Stationary solutions of Keller-Segel type crowd motion and herding models: multiplicity and dynamical stability

TL;DR

This paper analyzes two Keller-Segel type models for crowd motion, classifies their stationary solutions, and investigates their multiplicity and stability properties through theoretical and numerical methods.

Contribution

It provides a comprehensive classification of radial stationary solutions, establishes multiplicity results, and links variational and dynamical stability for crowd motion models.

Findings

Multiple stable stationary solutions exist for certain parameters.

A Lyapunov functional links variational and dynamical stability.
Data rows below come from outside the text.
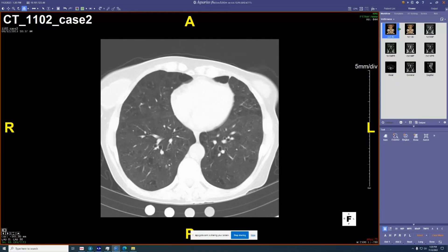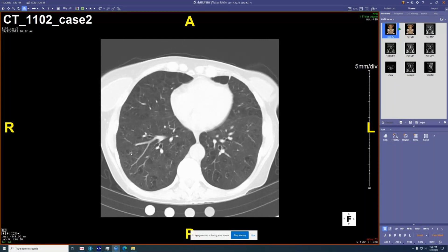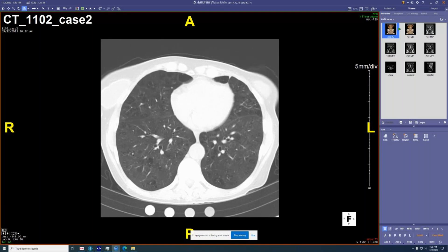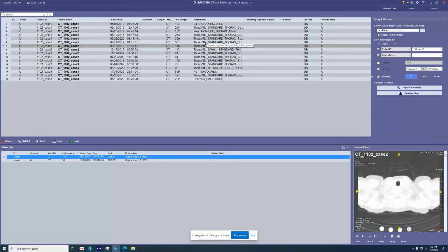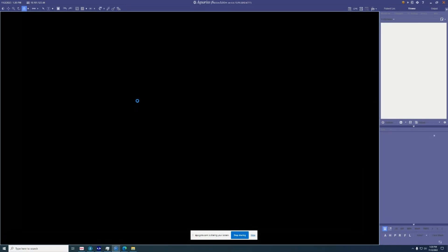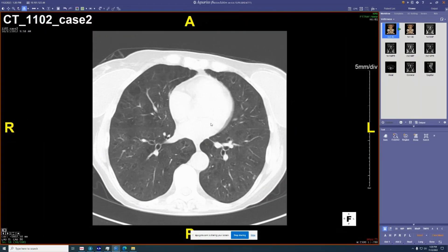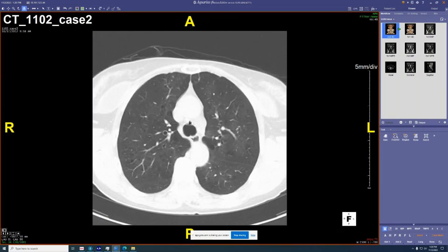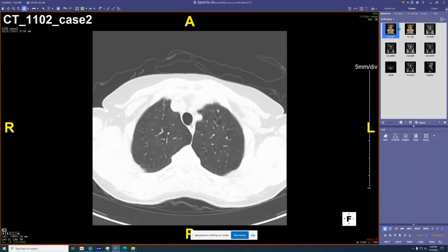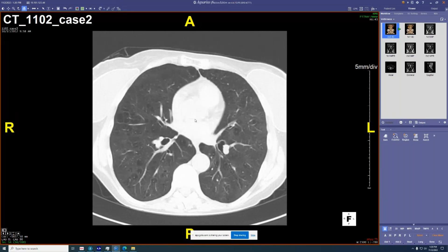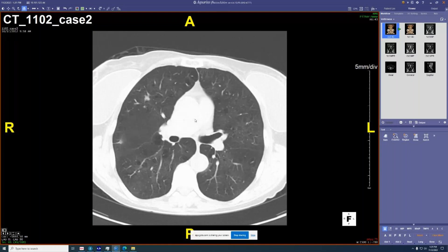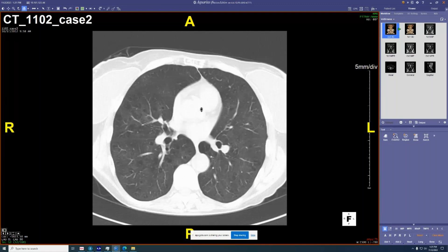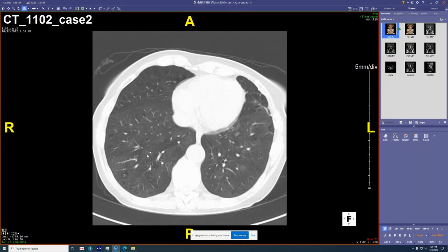We've seen a fair number of cases of never-smokers where the areas of emphysema line the peribronchovascular interstitium — you can see it in the right lower lobe lateral and anterior segments. We have about six or seven cases exactly like this, unfortunately all ANCA-positive or MPO-positive never-smokers with lower-lobe emphysema in a peribronchovascular distribution. We just don't have pathology on any of it, so it's hard to write up.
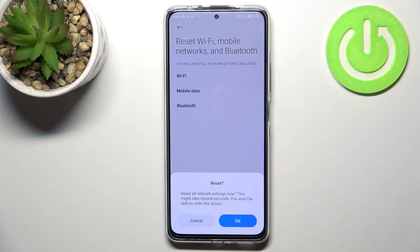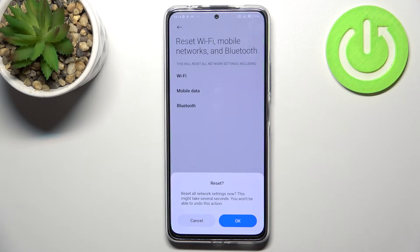So let's tap on Reset Settings. Your device will ask you if you really want to do it, because first of all it might take several seconds so you will not be able to do anything, and second, you will not be able to undo this action — so it is irreversible.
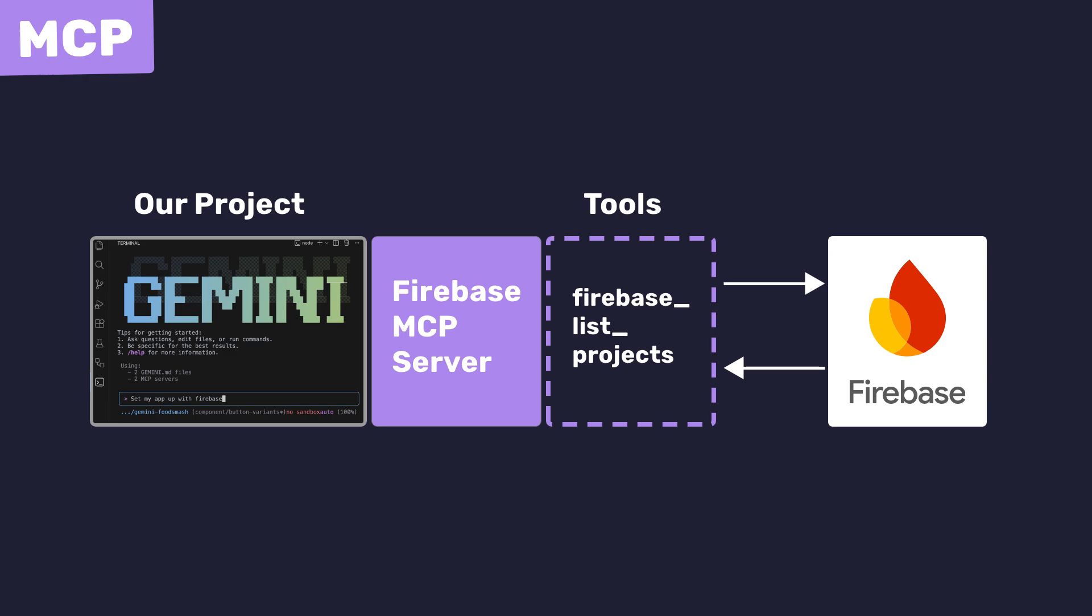So if we ask the Gemini CLI to do something which requires it to know about our Firebase projects, then it can trigger this tool. And the important thing to understand is that it's not the AI model itself reaching out to those external services. It doesn't know how to interact with them. It only knows the tools provided as context by the MCP server, and then it can request those tools to be run.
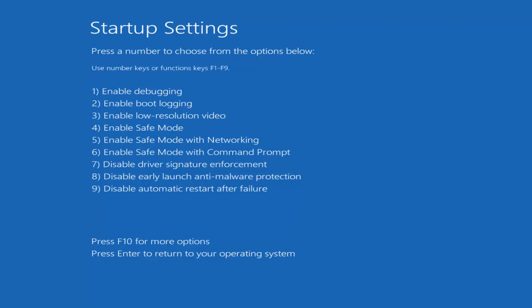At this point, you see in our Startup Settings that number 7 says 'Disable driver signature enforcement'. Using the function keys, I'm going to tap the F7 key to enable that feature, or disable driver signature enforcement is another way to put it. So I'm going to tap the F7 key on my keyboard.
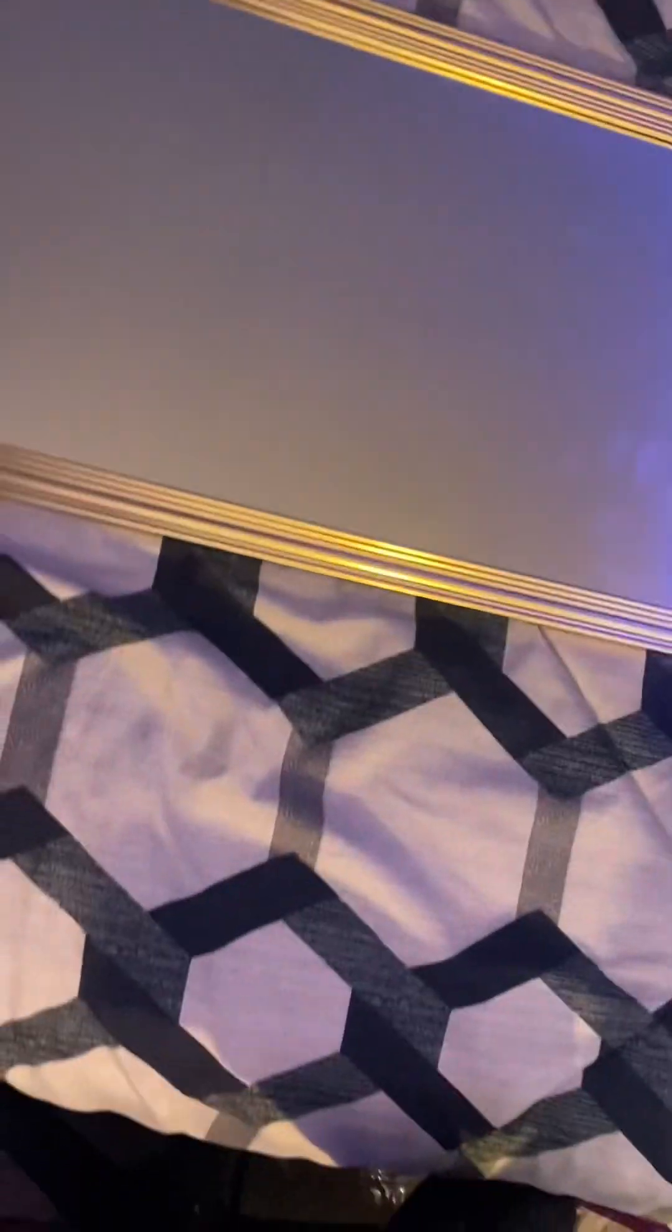Hey, so today I'll be trying to install this mirror on the wall over there. Ignore the messy room, it's kind of messy right now, I'm trying to clean it up, but yeah let's get started.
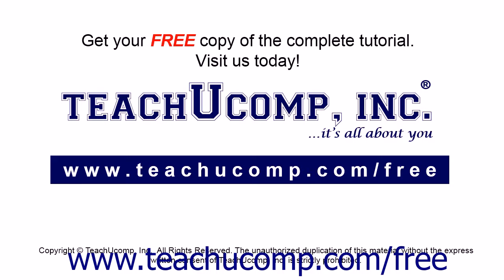Get your free copy of the complete tutorial at www.teachucomp.com forward slash free.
Numerical simulations support theoretical stability results.

Abstract

In this paper we study two models for crowd motion and herding. Each of the models is of Keller-Segel type and involves two parabolic equations, one for the evolution of the density and one for the evolution of a mean field potential. We classify all radial stationary solutions, prove multiplicity results and establish some qualitative properties of these solutions, which are characterized as critical points of an energy functional. A notion of variational stability is associated to such solutions. The dynamical stability in a neighborhood of a stationary solution is also studied in terms of the spectral properties of the linearized evolution operator. For one of the two models, we exhibit a Lyapunov functional which allows to make the link between the two notions of stability. Even in that case, for certain values of the mass parameter and all other parameters taken in an appropriate range, we find that two dynamically stable stationary solutions exist. We further discuss qualitative properties of the solutions using theoretical methods and numerical computations.